По пути с базара они всегда заходили в маленькую прикладбищенскую церковку Ивана-воина. Бабушка молилась божьей матери и Христу, а Мите нравился бородатый Никола, похожий на деревенского старика Василия Васильевича, который иногда заезжал к бабушке попить чаю. Он был весь какой-то свойский, обыденный, этот Никола, и у него не совестно было попросить все, что угодно, от папы до пугача с пробками, тогда как бабушкины иконы своими скорбными, мученическими ликами вызывали в Мите жалость и подозрение в неспособности одарить его чем-то вещественным.

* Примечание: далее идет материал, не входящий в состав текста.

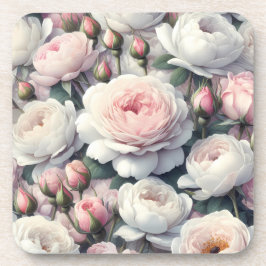 Conjunto de 6 Porta-Copos de Cortiça com Flores Ro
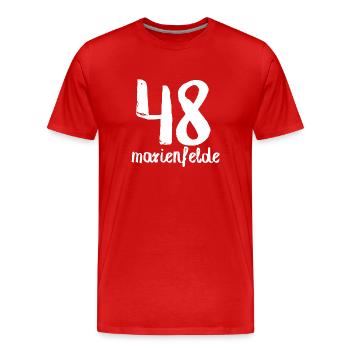 48 marienfelde Berlin - Männer Premium Bio T-Shirt - Rot - Vorne - Damien (186cm)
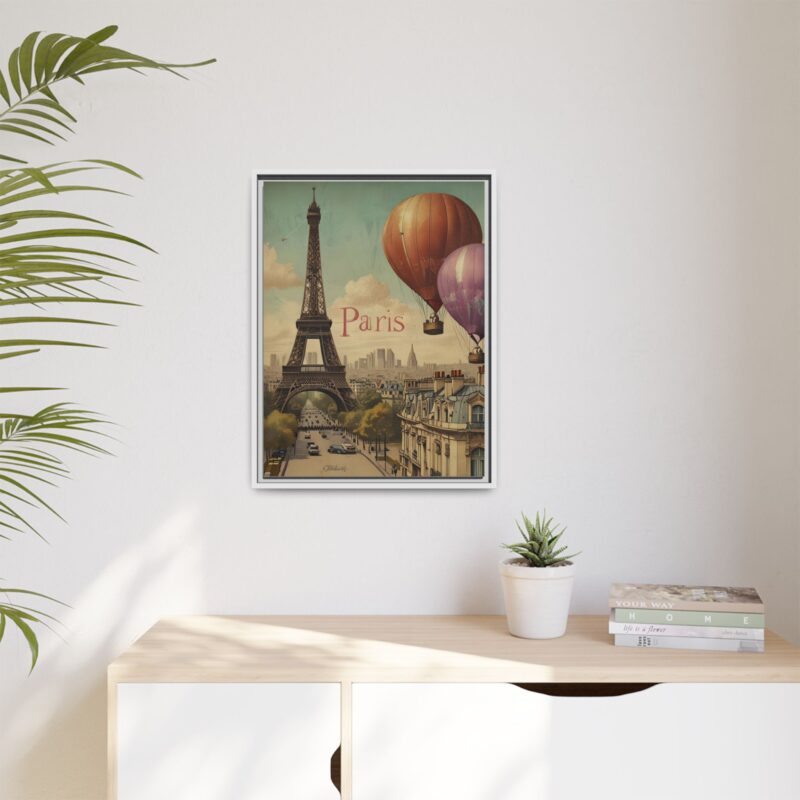 Pastel Eiffel Tower Travel canvas art of Nouveau Typography - Image 79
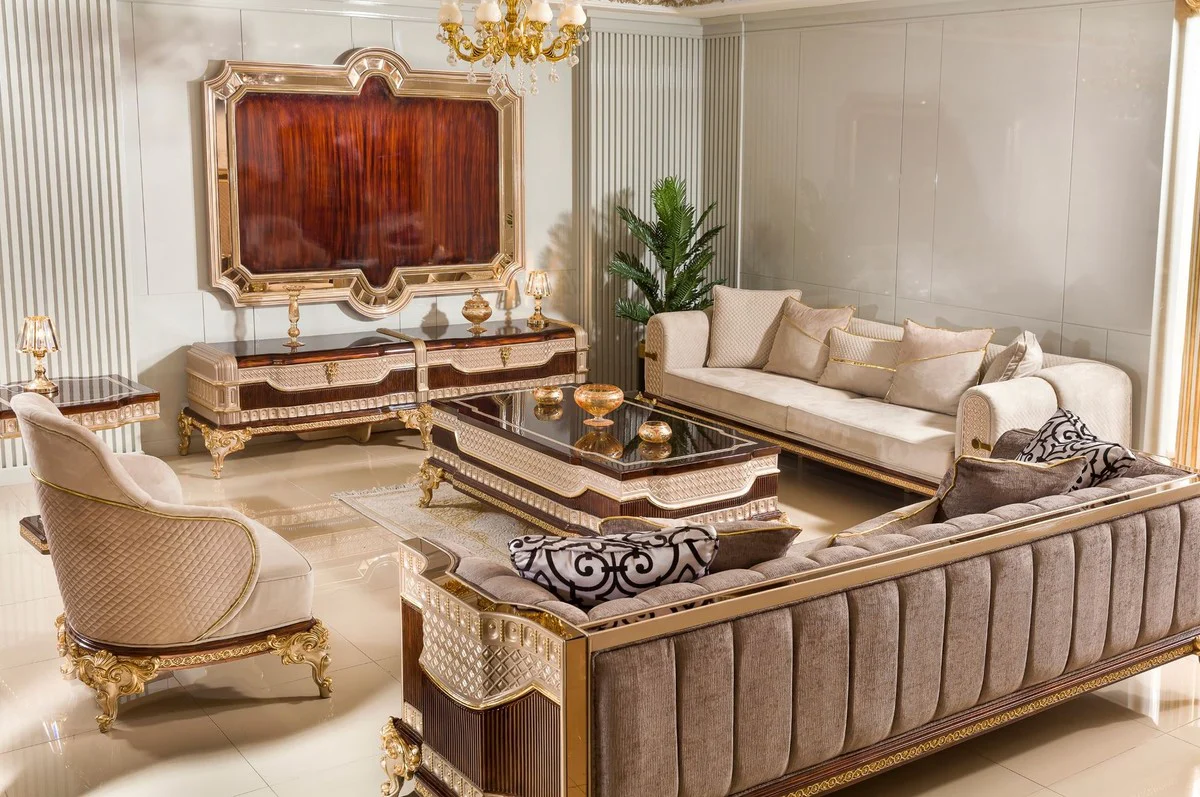 Luxury Baroque Coffee Table Dark Brown / Gray / Gold 156 cm - Baroque Furniture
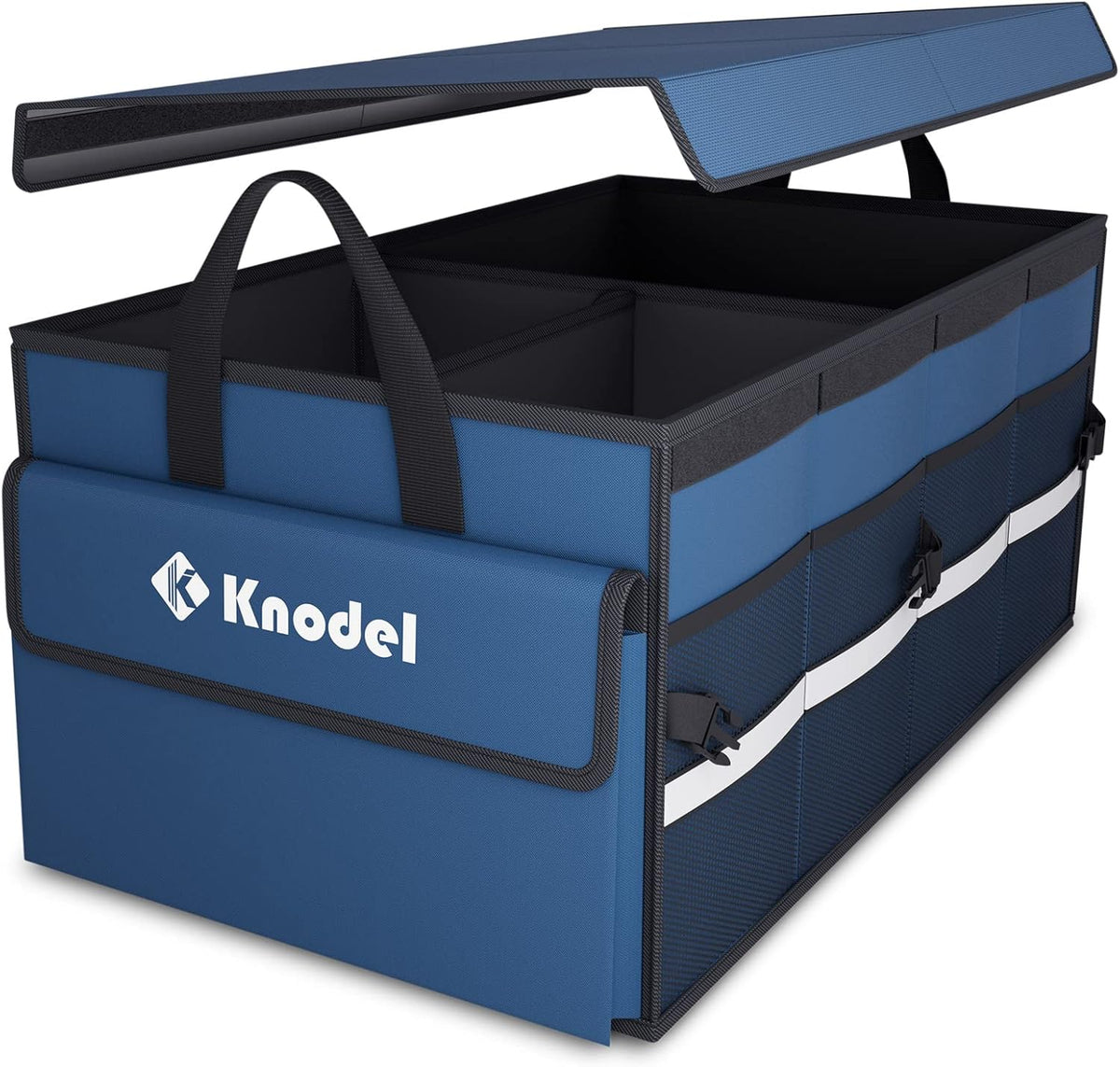 K KNODEL Trunk Organizer with Lid for Car, SUV, and Truck (Large, Black)
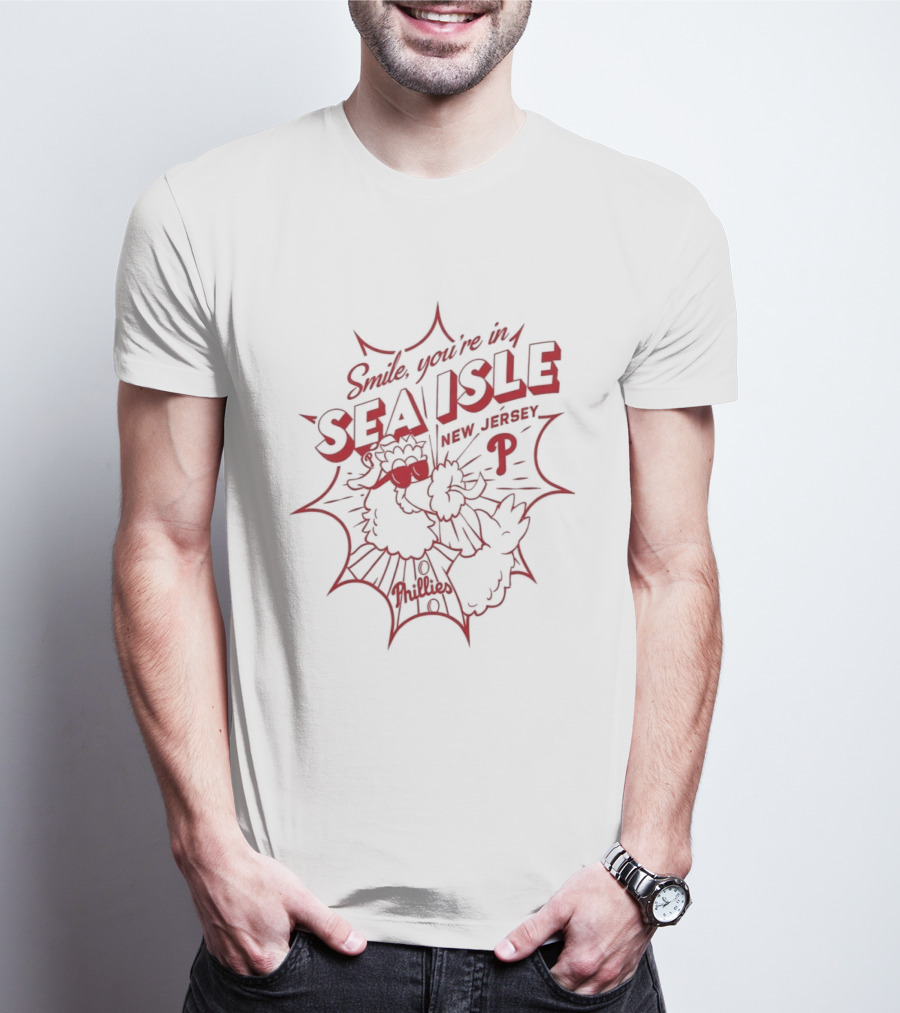 Smile You're In Sea Isle Phillies Baseball Fan Gear T-Shirt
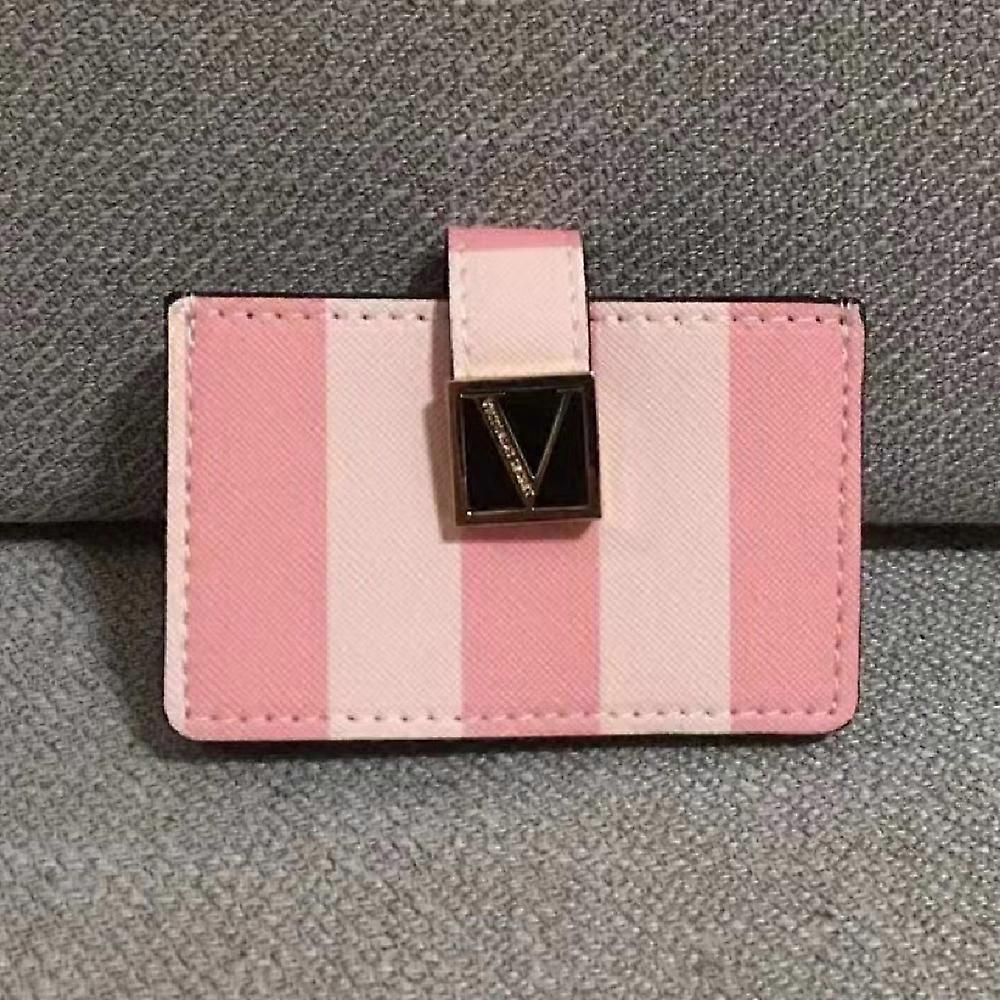 VS PINK Signature Akordeon Karta kredytowa Moneta Puse Portfel Snap Card Holder Różowy(.2576)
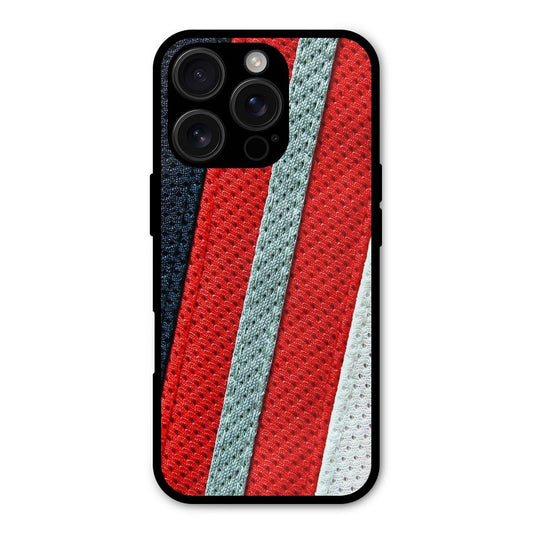 Black Red Grey Stripes Shockproof Hybrid Protection (Metal + TPU) Back Case Cover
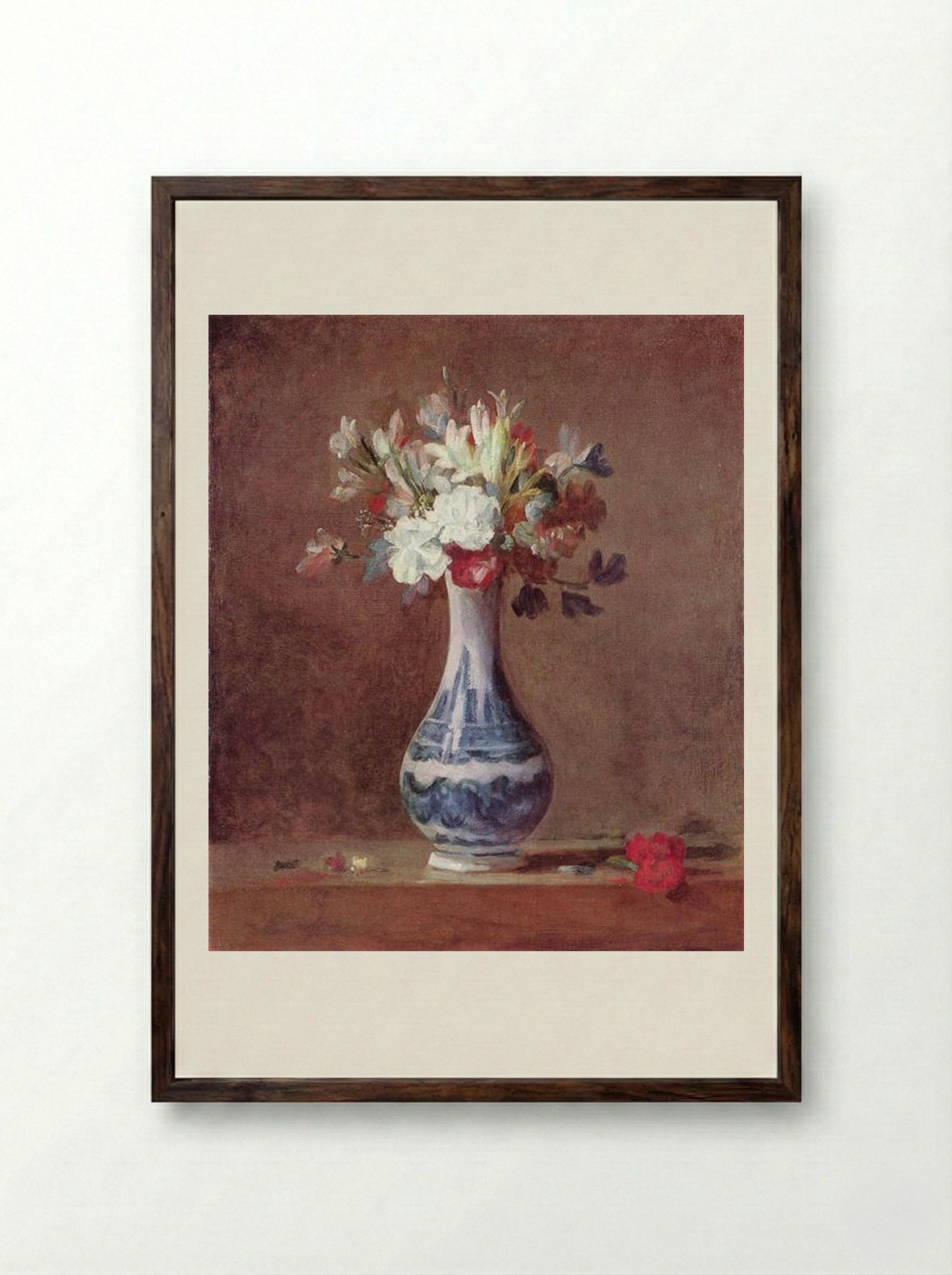 Still Life, Flowers in a Vase - Jean-Baptiste-Simeon Chardin - Framed Print Dark Wood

Молились они недолго. И каноническим молитвам бабушки, и Митиной импровизации одинаково хватало трех-пяти минут, чтобы иссякнуть. Бабушка величественно выплывала из церкви, и они прямо с паперти вступали в яркие движущиеся тени кладбищенских берез, в щебетание птиц, в запущенную пестроту трав и цветов, пробираясь по узким тропинкам к могиле, где лежал Митин дедушка. Над ней густым зеленым клубом вздымался огромный куст сирени. Присев под ним на лавочку, бабушка вытирала платком глаза, а Митя… Он еще никогда не видел смерти, и в эту минуту ему тоже до горьких слез было жалко бабушку, но не того, над кем трепетал своими сочными листьями сиреневый куст.